Shiokawa made a similar remark on exchange rates last week, inviting speculation that the Japanese government would tolerate the dollar falling to the 115 yen level.
While saying that there are various ways to interpret his remark, Shiokawa disavowed the speculation.
"I meant that, if (the dollar) falls rapidly, it would be troublesome. I did not mean to approve" of the dollar reaching that level, Shiokawa said.
He told a Diet committee later in the day that Japanese monetary authorities are following the pace of the yen's appreciation against the dollar, and repeated that they remain prepared to intervene in the markets if necessary.
"The authorities are interested in the speed" of the dollar's drop, Shiokawa said. "If it is too rapid, we must think of ways to deal with that."
During Tuesday's afternoon trading in Tokyo, the dollar moved in a narrow range near 118.5 yen amid a lack of fresh incentives.
The dollar stood at 118 yen.56-59 at 5 p.m., down from 118 yen.84-88 at the same time Monday, after moving from 118.50 yen to 118.95 yen.

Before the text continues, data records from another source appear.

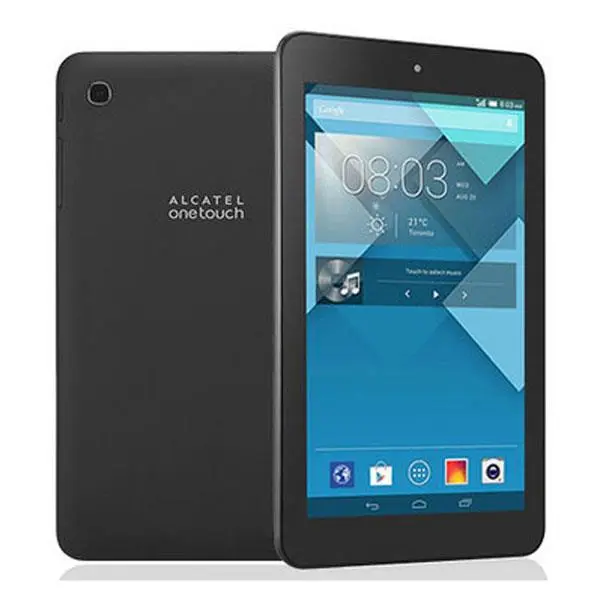تبلت آلکاتل مدل OneTouch POP 7 3G - ظرفیت 16 گیگابایت
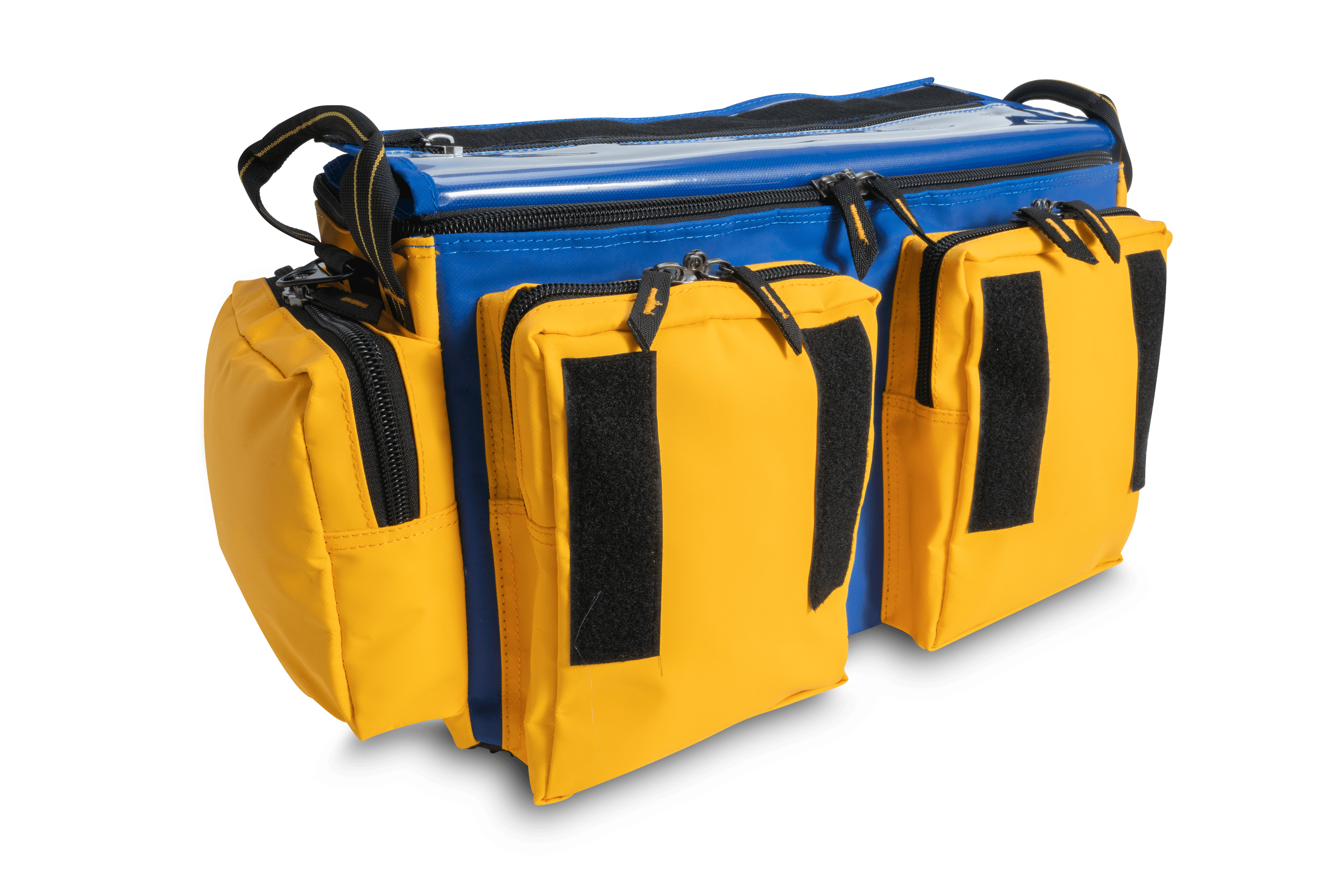 Rugged Xtremes Workmate Tool Bag_3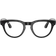 Ray-Ban x Meta Headliner Gen 2 RW4013 601/1M - Shiny Black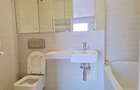 Apartament 2 camere decomandat | Zona Bucovina | 2 balcoane | Etaj 3 | Mobilat 2. - 1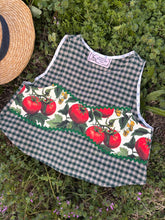 Load image into Gallery viewer, ripe tomatoes top L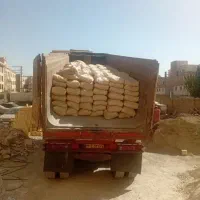 سیمان خزر تیپ2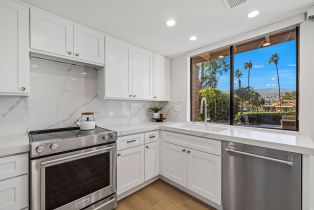 Condominium, 203 La Paz way, Palm Desert, CA 92260 - 23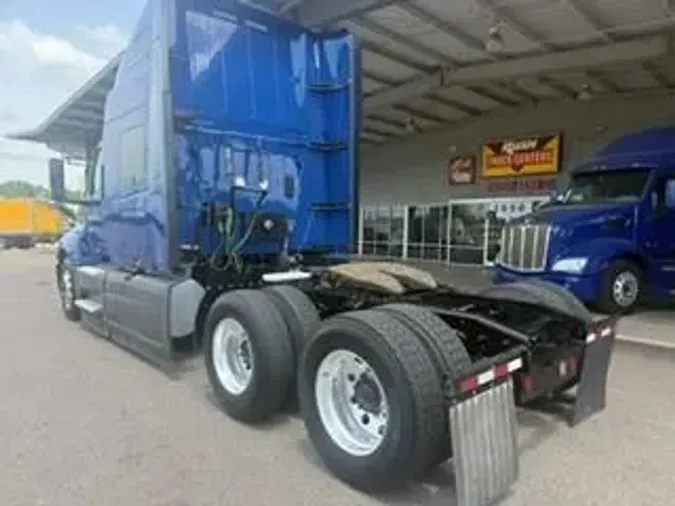2022 International LT625c8650971237733a00df1921bd47339c5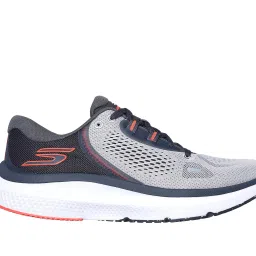 GO RUN PURE 4-image-59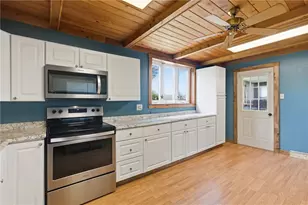 104 S Liberty St, Masontown, PA 15461 - Photo 17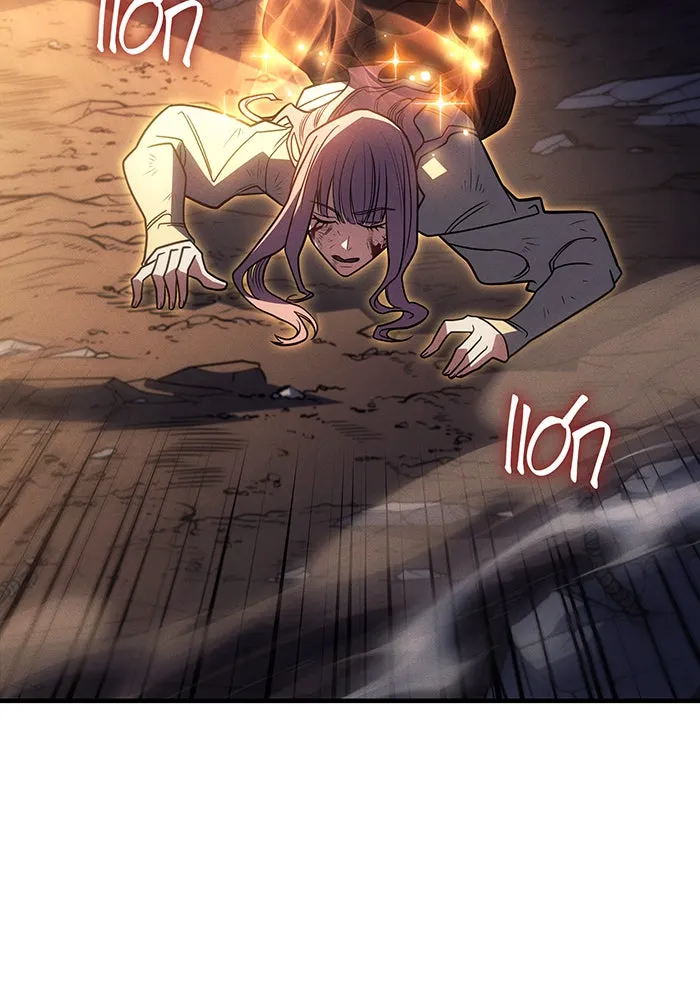 เกิดใหม่พร้อมพลังแห่งราชัน ตอนที่ 58 รูปที่ 103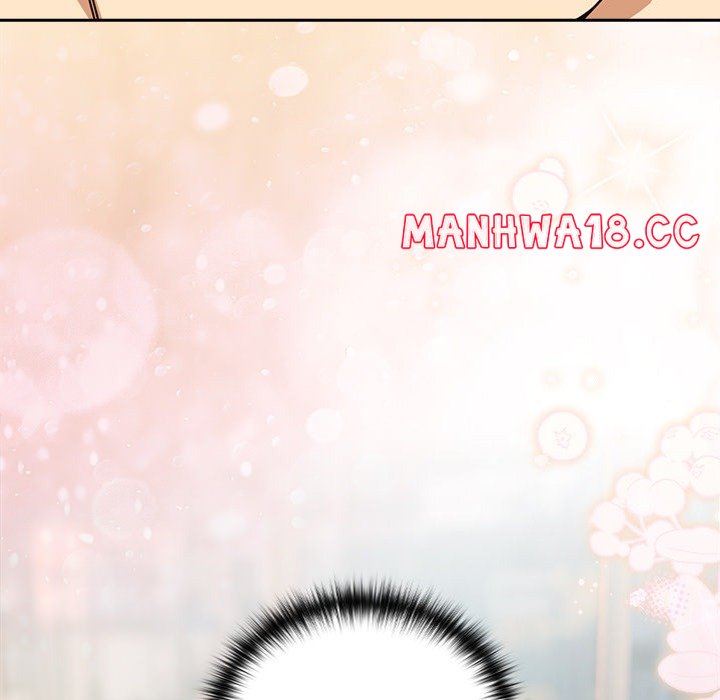 After Work Love Affairs - Chapter 84 Page 143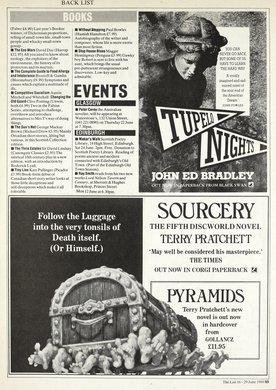 Issue 96 — Page 69
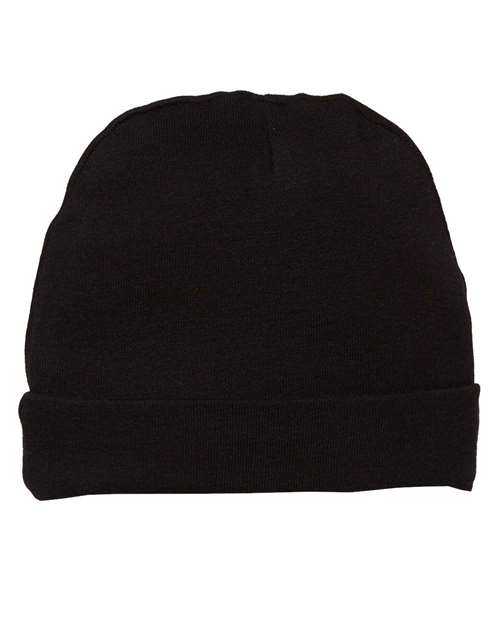 4451 - Black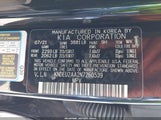 KIA SELTOS S KNDEU2AA2N7260539 fotografie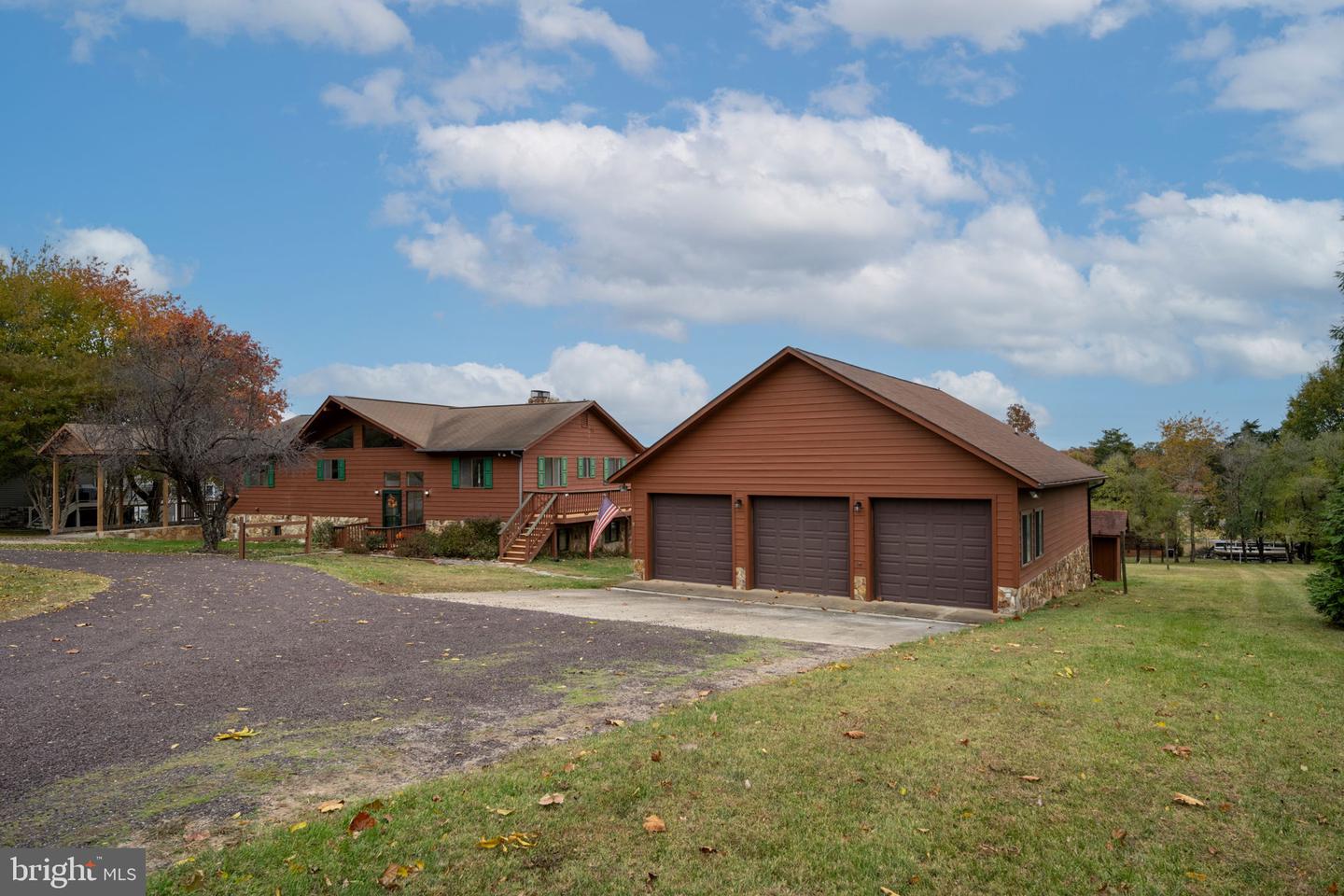 926 WINDWAY LN, MINERAL, Virginia 23117, 5 Bedrooms Bedrooms, ,3 BathroomsBathrooms,Residential,For sale,926 WINDWAY LN,VALA2008688 MLS # VALA2008688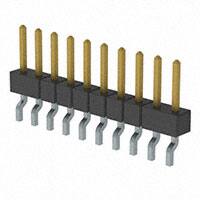 MMT-110-02-S-SH-P-TRͼƬ
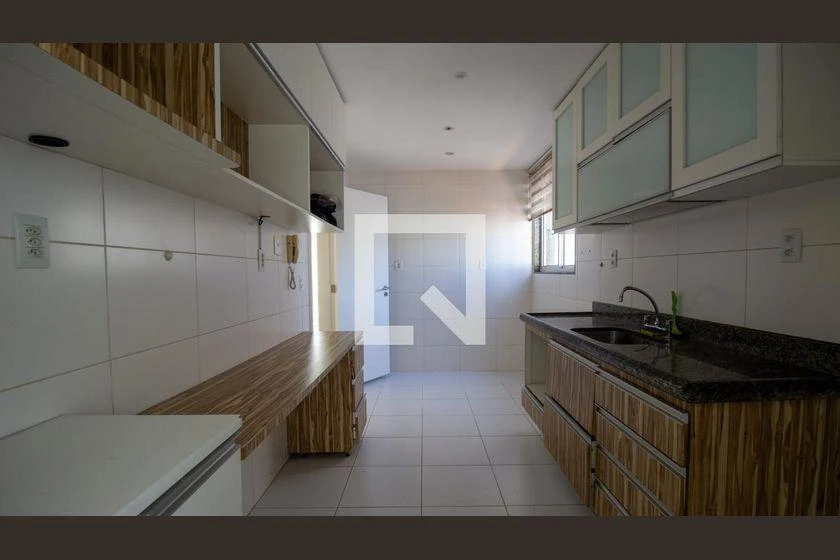 Penthouse with 3 en-suite bedrooms and 350 m², 4 parking — photo 43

In the morning, the dollar was pressured largely by sales by players worried about a string of accounting scandals at U.S. firms, including Merck & Co.
Shiokawa's comment that he will not tolerate the dollar falling to 115 yen provided some support for the U.S. currency, traders said.
Chief Cabinet Secretary Yasuo Fukuda, at a separate news conference, also said the pace of the dollar's fall is a cause for concern.
"In the last couple of months, the yen has risen more than 10 percent," the top government spokesman said. "There should be discussions on whether the pace is too fast."
Fukuda said the dollar's fall "could be a stumbling block" for the Japanese economy.
Economy, Trade and Industry Minister Takeo Hiranuma said the dollar weakening could hurt the export-led pickup in the Japanese economy.
"As an export-oriented nation, it is not desirable that the strengthening of the yen advances too much," he said.
Japan has intervened on behalf of the dollar seven times since late May in an effort to keep the nation's exports affordable abroad and keep exporters' profit margins from narrowing.